Up to and including the line that contains "Trump Defends Decision", repeat the entries below exactly from the first line on. Do not carry over any pictures.

____________

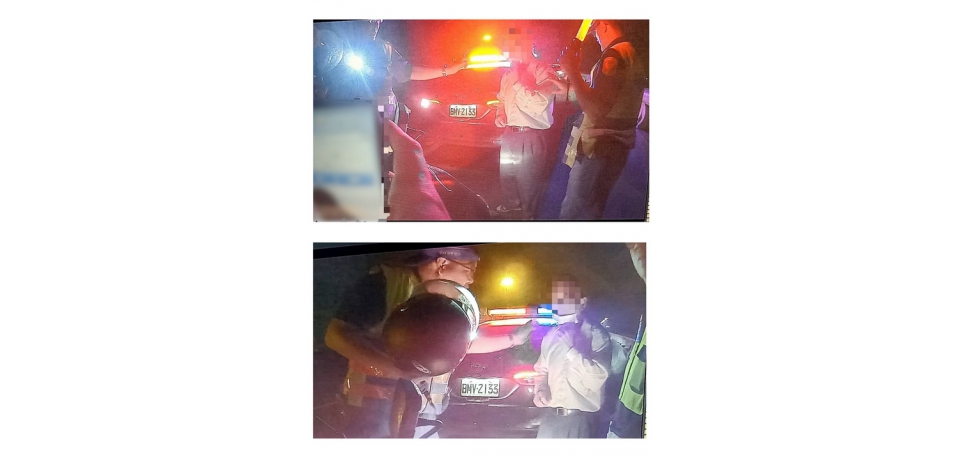 失智翁騎車誤闖78線 斗南警方及時攔查救援(圖)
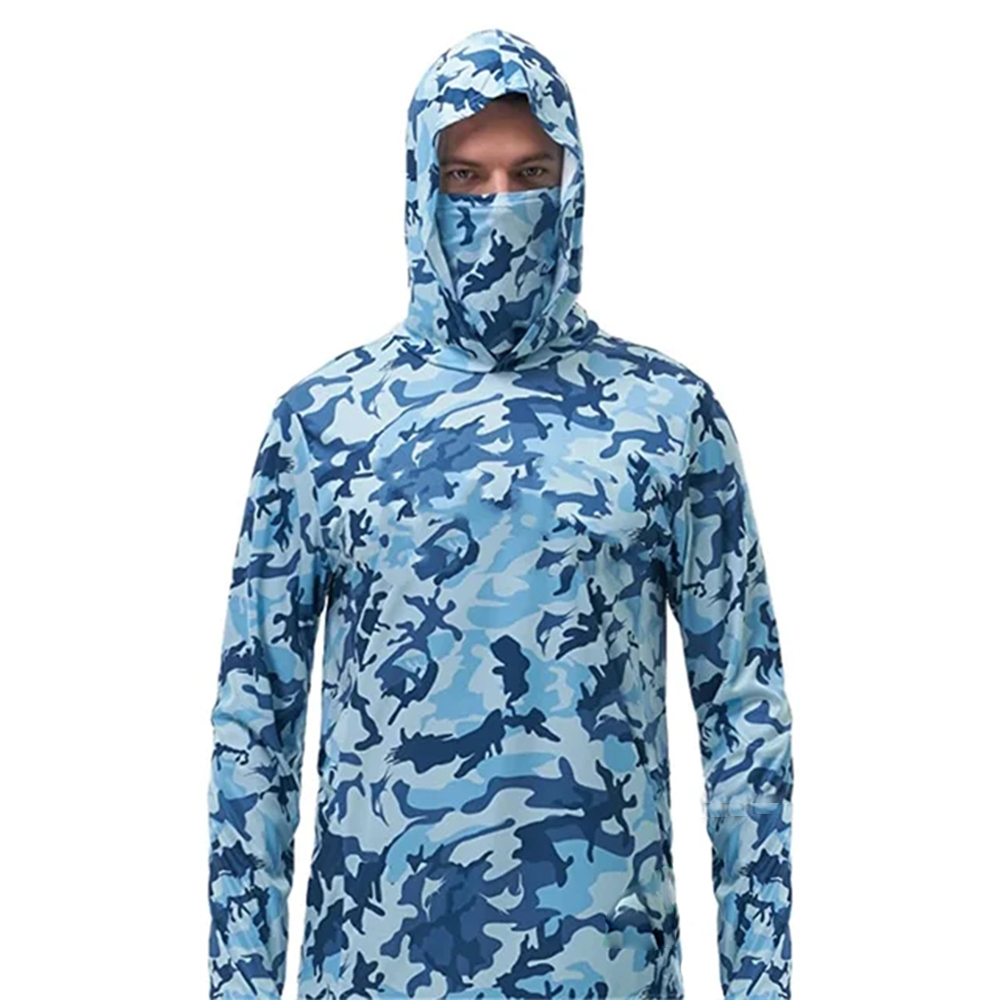 قمصان صيد صيفية للرجال بأكمام  - مراجعة Fishing Shirt Uv Protection وسعره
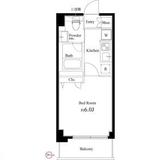 Court Blanche 417 間取り図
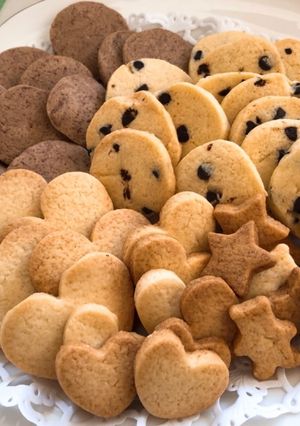簡単サクサククッキー!アレンジし放題!-レシピのメイン写真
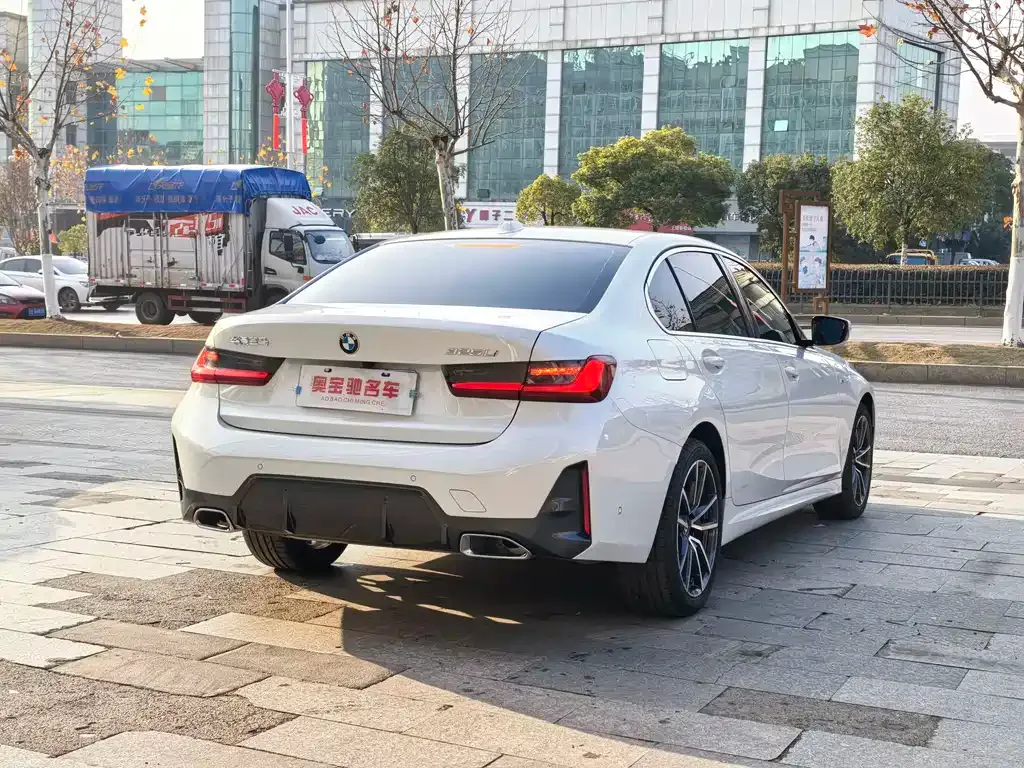 BMW 3 Series 2024 из CN, фото 5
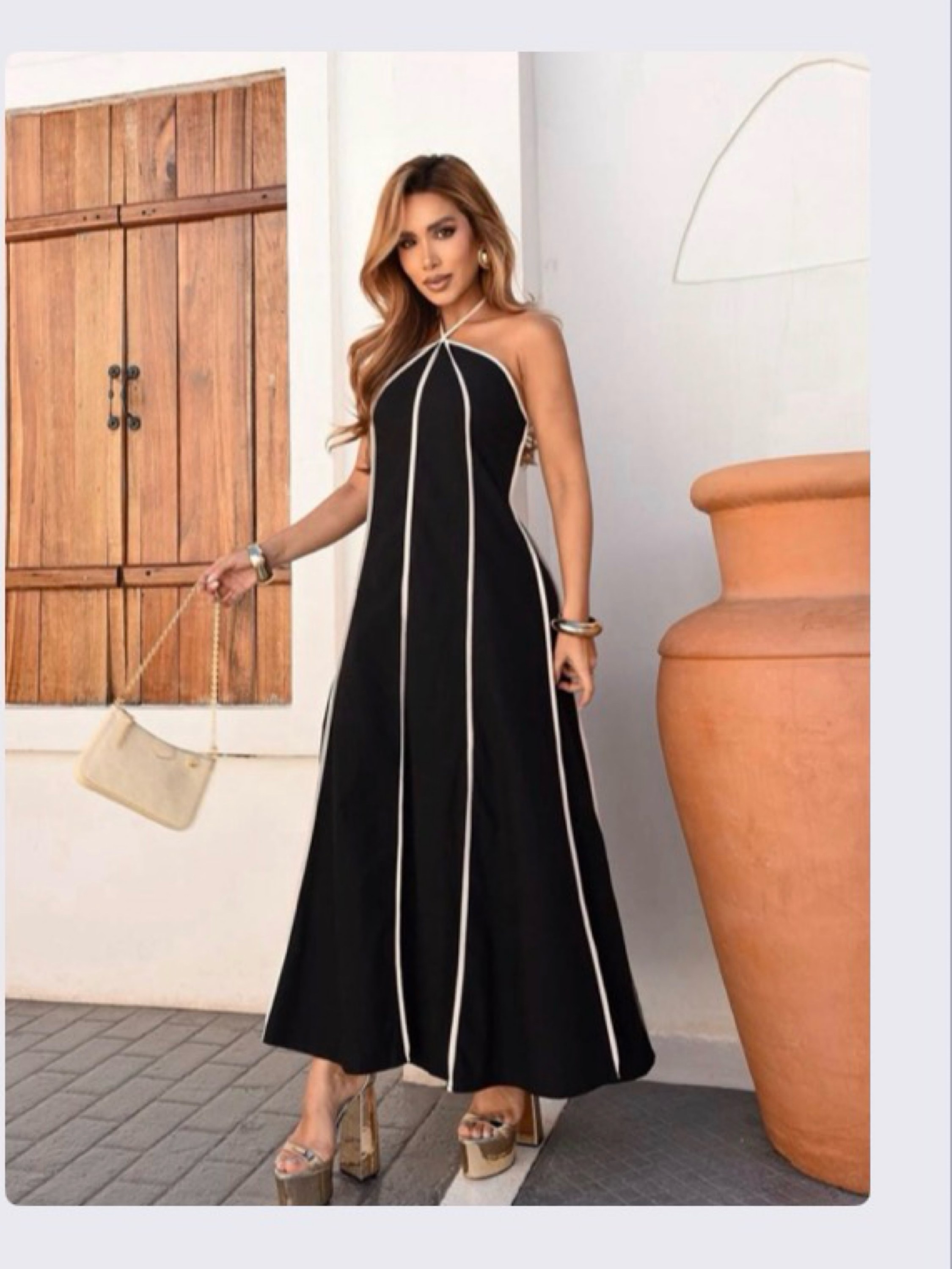 Vestido longo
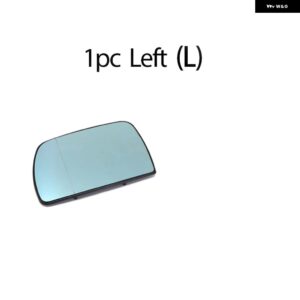 ランドローバー サイドブルー加熱電気アングル ウイング ミラー ガラス レンジローバー L322 ヴォーグ 2002-2006 アクセサリー - 1PC Left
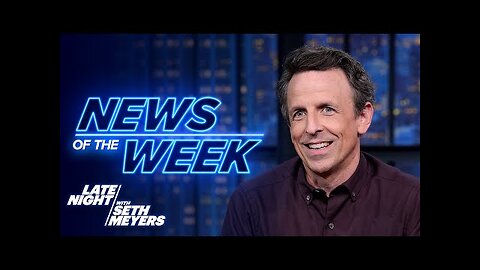 Trump Defends Decision to Bomb Iran, Mamdani Defeats Cuomo: Late Night's News of the Week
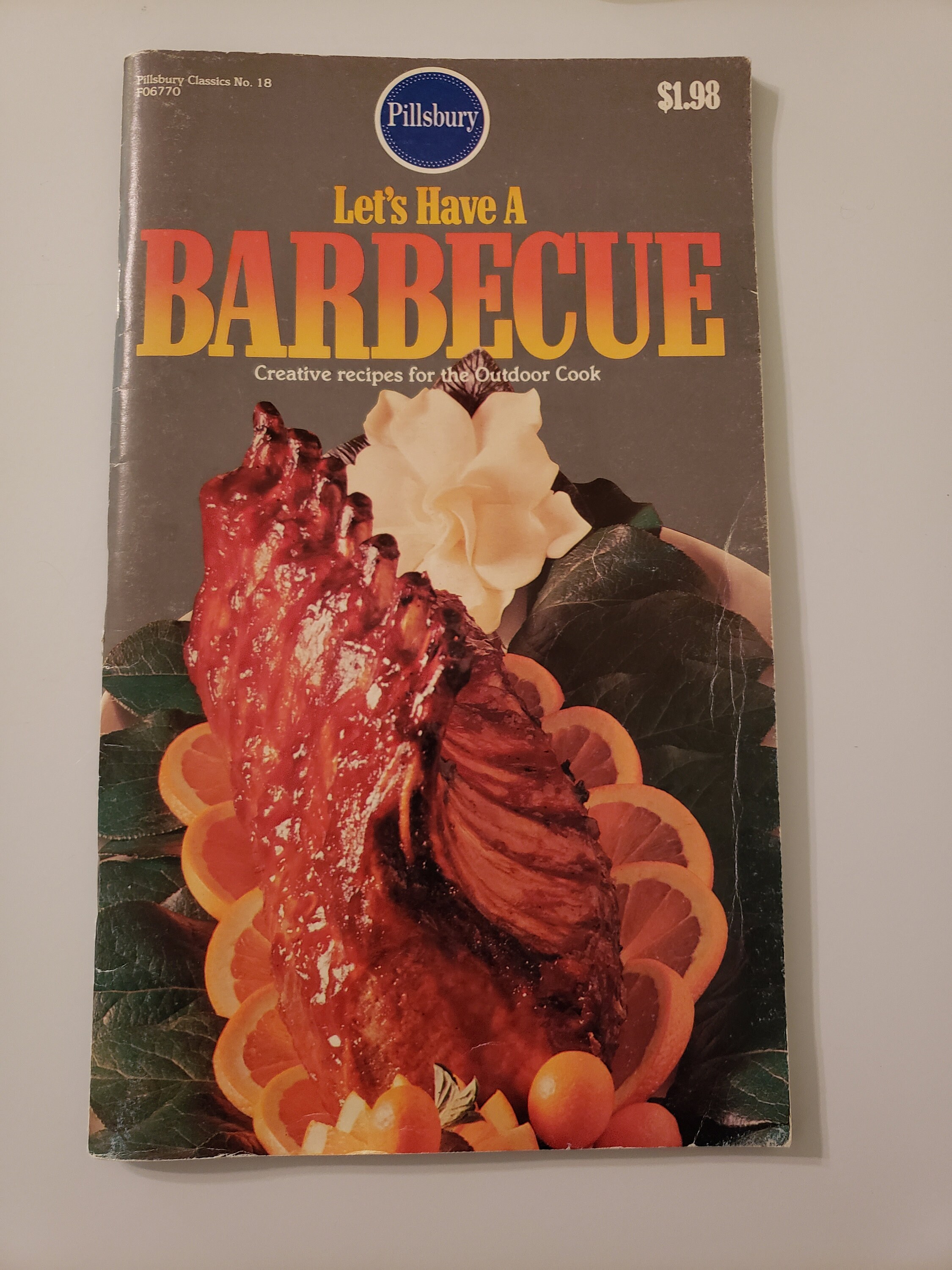 Set Of 3 Barbecue Recipe Books Etsy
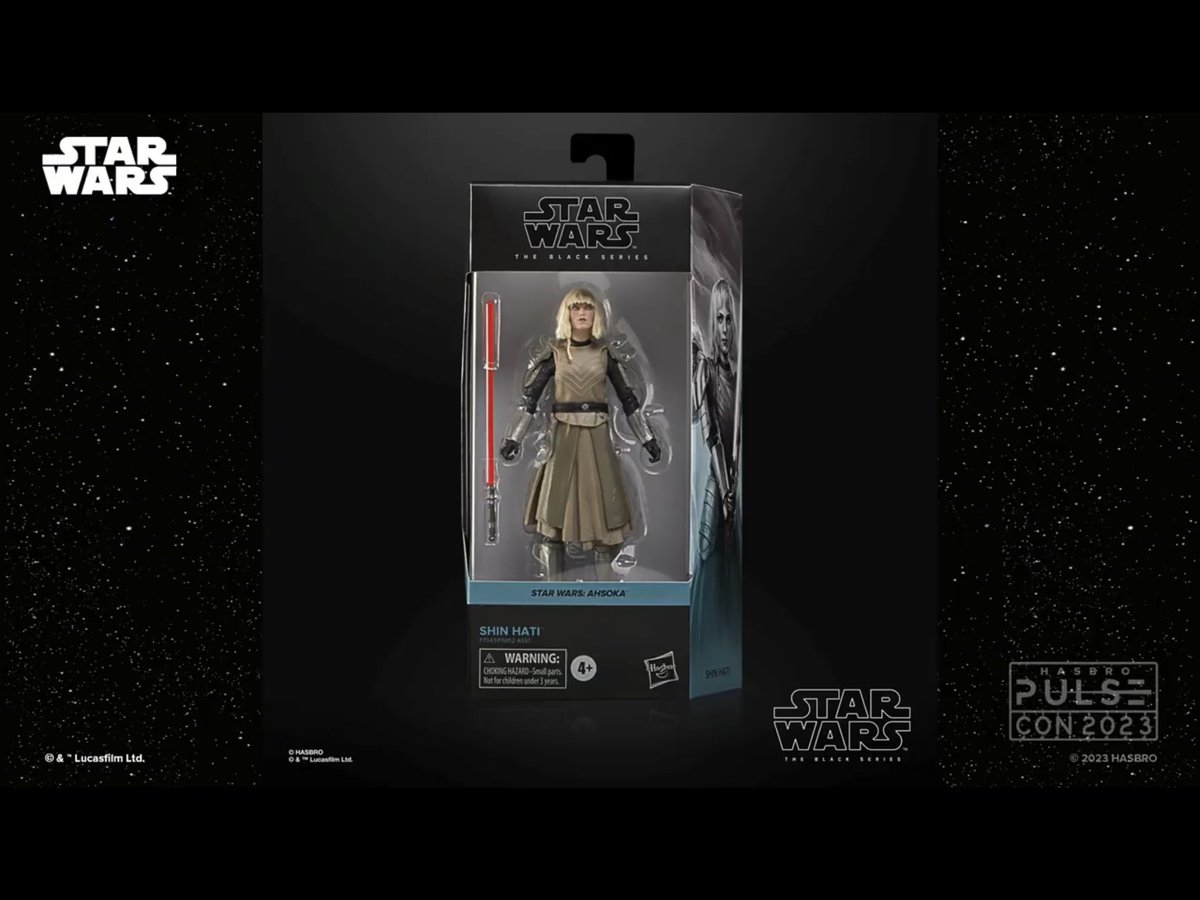 MrLeitor's tweet image. …y con Baylan Skoll, su inseparable padawan #ShinHati personaje misterioso en la serie Star Wars: #Ahsoka

@HasbroPulse | #HasbroPulseCon2023 #BlackSeries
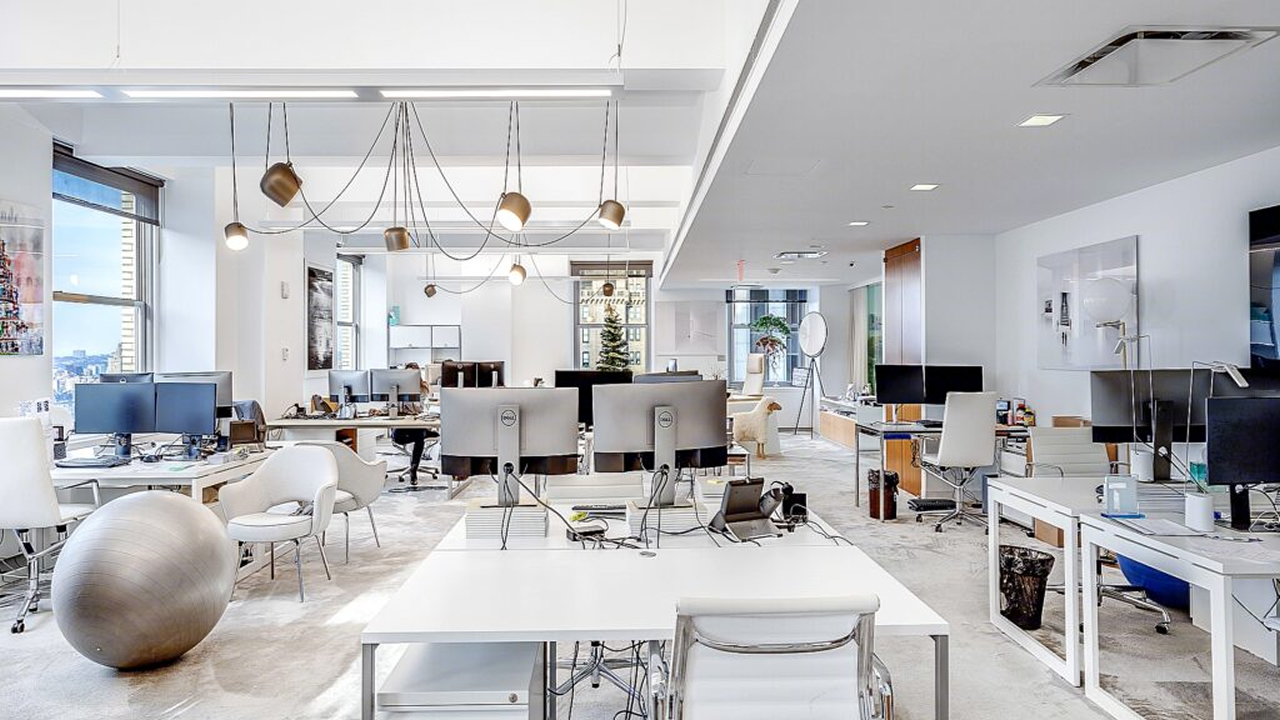 Full Floor Furnished Manhattan Office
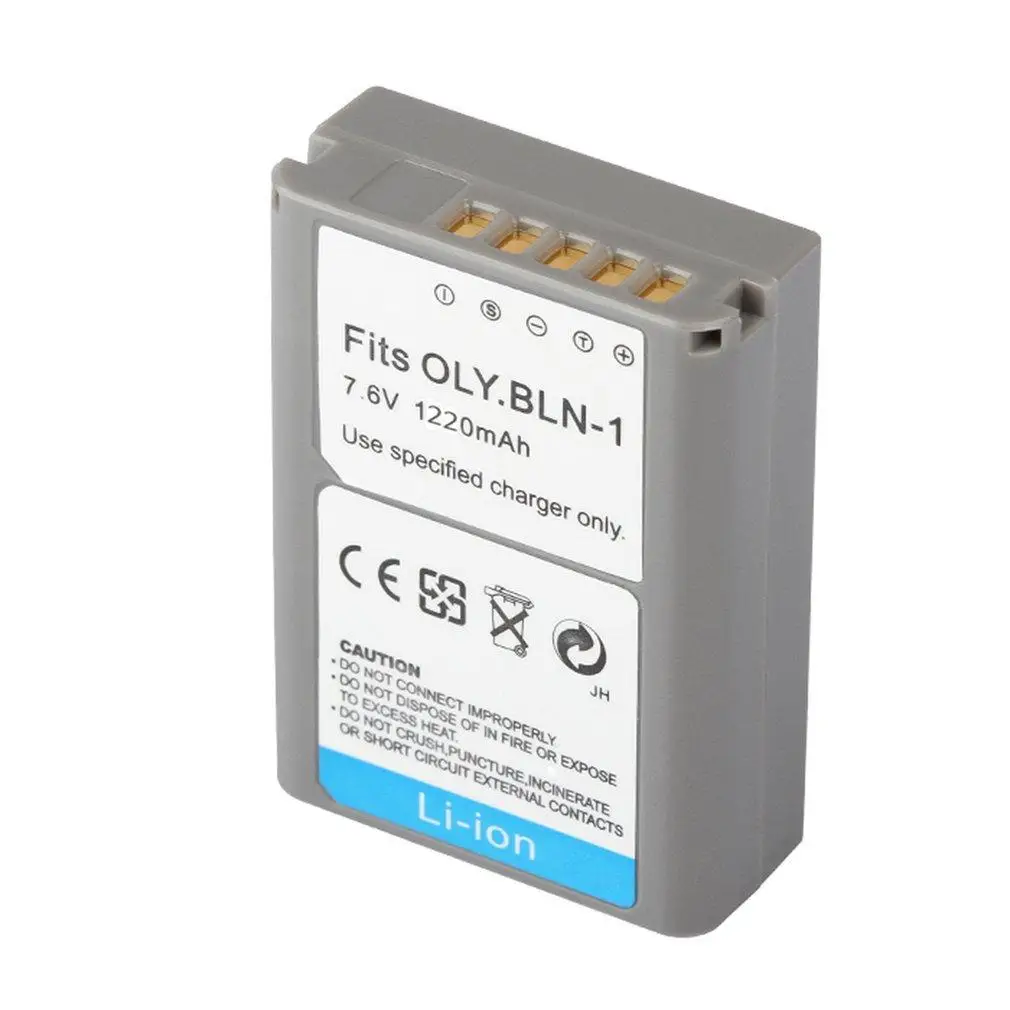 BLN-1 1220mAh 7,6 V литий-ионная аккумуляторная батарея подходит для OM-D/E-M5 OG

____________

## Response to this task
 失智翁騎車誤闖78線 斗南警方及時攔查救援(圖)
 قمصان صيد صيفية للرجال بأكمام  - مراجعة Fishing Shirt Uv Protection وسعره
 Court Blanche 417 間取り図
簡単サクサククッキー!アレンジし放題!-レシピのメイン写真
 BMW 3 Series 2024 из CN, фото 5
 Vestido longo
 ランドローバー サイドブルー加熱電気アングル ウイング ミラー ガラス レンジローバー L322 ヴォーグ 2002-2006 アクセサリー - 1PC Left
 Trump Defends Decision to Bomb Iran, Mamdani Defeats Cuomo: Late Night's News of the Week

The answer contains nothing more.